Location
- Ballymaconnell Road Bangor, County Down, BT20 5PU Northern Ireland

Information
- Type: All-ability school
- Motto: Lex dei in corde meo The law of God in my heart
- Religious affiliation: Roman Catholic
- Established: 1959 First intake 1960
- Founder: Bishop Daniel Mageean
- Local authority: Education Authority South East
- Chair: Pat McCartan
- Head teacher: Maria Flynn
- Staff: 91
- Gender: Co-educational
- Age: 11 to 18
- Enrolment: 770 As of May 2021^{[update]}
- Colour: ^{[citation needed]}
- Website: http://www.stcolumbanus.org.uk

= St Columbanus' College =

St. Columbanus' College is a Roman Catholic secondary school situated on the Ballymaconnell Road, Bangor, County Down, Northern Ireland.

==History==
The foundation stone for St Columbanus' Secondary Intermediate School, as it was then known, was laid by Bishop Daniel Mageean on the Feast of the Assumption, 15 August 1959. The school was built to serve the parishes of Bangor, Holywood and Newtownards and opened within a week of the feast of St Columbanus on 29 November 1960.

A wide curriculum was offered with an emphasis on the teaching of vocational and technical skills. Many pupils left at the age of fifteen to take up employment while a small GCE class remained to study for external examinations. The late 1960s and early 1970s saw a significant growth in enrolment which required a major extension to the original building. The school has grown significantly, focusing on both academic and vocational skills.

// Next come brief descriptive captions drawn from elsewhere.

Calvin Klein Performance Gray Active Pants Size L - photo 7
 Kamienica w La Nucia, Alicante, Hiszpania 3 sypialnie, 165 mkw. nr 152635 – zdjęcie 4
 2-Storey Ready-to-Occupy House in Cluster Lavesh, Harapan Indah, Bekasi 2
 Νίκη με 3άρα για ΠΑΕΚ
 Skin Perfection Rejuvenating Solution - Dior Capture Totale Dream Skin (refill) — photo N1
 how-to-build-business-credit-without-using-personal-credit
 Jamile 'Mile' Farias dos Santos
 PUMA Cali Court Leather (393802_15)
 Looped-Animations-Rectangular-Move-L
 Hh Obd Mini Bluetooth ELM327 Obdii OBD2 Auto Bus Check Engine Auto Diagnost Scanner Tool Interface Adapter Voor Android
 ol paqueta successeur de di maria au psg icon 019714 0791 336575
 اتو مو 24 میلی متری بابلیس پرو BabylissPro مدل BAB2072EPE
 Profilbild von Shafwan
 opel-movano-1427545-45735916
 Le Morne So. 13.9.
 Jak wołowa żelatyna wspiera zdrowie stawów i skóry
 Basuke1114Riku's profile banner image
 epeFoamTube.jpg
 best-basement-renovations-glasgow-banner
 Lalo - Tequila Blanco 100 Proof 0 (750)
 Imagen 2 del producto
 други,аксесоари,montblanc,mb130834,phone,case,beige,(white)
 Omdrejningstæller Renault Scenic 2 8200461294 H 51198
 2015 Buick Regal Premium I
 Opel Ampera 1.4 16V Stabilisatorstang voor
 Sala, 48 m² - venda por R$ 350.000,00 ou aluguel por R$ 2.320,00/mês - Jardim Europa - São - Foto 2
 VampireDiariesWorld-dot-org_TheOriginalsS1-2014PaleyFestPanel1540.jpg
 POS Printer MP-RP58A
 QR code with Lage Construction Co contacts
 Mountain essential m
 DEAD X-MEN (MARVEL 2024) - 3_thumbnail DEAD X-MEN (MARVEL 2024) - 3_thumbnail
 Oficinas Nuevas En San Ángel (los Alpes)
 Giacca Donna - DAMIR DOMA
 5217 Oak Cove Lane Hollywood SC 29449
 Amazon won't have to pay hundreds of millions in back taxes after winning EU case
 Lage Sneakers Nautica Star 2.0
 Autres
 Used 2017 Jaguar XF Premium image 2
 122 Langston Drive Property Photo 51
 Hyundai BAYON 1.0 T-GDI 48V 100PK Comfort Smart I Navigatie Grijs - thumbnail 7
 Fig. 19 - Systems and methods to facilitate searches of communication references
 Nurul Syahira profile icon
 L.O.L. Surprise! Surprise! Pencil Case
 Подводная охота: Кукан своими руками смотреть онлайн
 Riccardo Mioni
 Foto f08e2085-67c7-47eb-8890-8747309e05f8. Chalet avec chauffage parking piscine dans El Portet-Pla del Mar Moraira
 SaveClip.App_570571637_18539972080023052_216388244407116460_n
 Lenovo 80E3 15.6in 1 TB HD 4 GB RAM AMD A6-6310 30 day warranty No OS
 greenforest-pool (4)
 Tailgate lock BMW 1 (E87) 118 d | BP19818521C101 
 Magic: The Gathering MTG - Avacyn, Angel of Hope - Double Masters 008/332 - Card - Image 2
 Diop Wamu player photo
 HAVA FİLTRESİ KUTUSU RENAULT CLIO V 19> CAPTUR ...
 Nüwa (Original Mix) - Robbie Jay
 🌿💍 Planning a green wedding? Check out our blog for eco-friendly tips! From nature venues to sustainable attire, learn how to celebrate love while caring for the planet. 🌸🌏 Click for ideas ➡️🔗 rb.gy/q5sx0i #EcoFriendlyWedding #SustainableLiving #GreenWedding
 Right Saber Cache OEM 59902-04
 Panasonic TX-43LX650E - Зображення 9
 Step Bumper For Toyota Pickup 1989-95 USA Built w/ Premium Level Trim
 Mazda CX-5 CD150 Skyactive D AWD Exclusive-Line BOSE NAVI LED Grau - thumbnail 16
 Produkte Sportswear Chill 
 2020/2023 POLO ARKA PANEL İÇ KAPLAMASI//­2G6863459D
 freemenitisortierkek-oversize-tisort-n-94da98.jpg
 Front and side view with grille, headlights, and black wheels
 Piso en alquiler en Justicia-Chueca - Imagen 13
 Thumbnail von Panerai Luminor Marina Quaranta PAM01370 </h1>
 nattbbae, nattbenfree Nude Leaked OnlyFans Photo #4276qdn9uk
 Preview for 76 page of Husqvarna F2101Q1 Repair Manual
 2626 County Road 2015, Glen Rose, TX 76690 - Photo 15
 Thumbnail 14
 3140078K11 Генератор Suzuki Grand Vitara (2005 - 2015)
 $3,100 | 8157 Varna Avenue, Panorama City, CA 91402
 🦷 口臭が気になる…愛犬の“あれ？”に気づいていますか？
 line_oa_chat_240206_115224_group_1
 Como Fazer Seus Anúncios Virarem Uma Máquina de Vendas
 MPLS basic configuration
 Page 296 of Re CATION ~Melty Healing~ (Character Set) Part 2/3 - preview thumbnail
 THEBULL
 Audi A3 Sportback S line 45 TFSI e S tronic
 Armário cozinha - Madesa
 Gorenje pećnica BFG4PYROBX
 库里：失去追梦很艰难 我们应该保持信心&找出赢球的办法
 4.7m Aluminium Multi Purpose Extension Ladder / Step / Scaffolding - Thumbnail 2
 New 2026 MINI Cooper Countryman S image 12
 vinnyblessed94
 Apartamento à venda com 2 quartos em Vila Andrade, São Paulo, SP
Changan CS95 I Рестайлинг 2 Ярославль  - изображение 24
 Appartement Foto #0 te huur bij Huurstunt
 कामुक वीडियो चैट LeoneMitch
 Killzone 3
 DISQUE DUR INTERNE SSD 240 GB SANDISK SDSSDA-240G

In 2001, the college established a Sixth Form, allowing post-GCSE pupils to remain and study at St. Columbanus. Numbers of students completing A Levels at the college are still on the rise, showing an approximate 4-fold increase in the past 3 years.

==Subjects==
The school offers a range of subjects including; Art & Design, Home Economics, English, Drama, French, Spanish, Geography, History, Mathematics, Science, Technology & Design, Music, Religion, Learning for life and work, ICT and P.E. Such subjects are compulsory to study at Key Stage 3 level.

At Key Stage 4, the college offers further study in the above subjects, as well as:
- Moving Image Arts
- Business Studies
- Construction
- Single Award Science
- Double Award Science
- Biology
- English Literature
- Home Economics -Child ec
- Home Economics -Food
- Music

The school has partnered with the South Eastern Regional College in Bangor to give students the opportunity to study further vocational and practical subjects at the equivalent of GCSE level.

At A Level, Sixth Form students have the opportunity to study on site:
- Art
- Moving Image Arts
- Applied Information and Communication Technology
- Business Studies
- Public Service
- Health and Social Care
- Applied Single Award Science
- Biology
- Sociology
- Geography
- Mathematics
- Religious Studies
- English Literature

Sixth Form students also have the opportunity to study other A Levels at neighbouring schools through the North Down and Ards Learning Community. Schools who have taken part in this partnership are: Glenlola Collegiate, Bangor Grammar School, Glastry College, Priory College and Bangor Academy. The additional A Level subjects offered to St. Columbanus students by include, Chemistry, Drama, Psychology, Music Technology.

==Facilities==
St. Columbanus houses multiple, well-equipped ICT suites, a sports hall and assembly hall, a sports and athletic pitch, technology and design suites and science suites. The school's entrances are also fully accessible.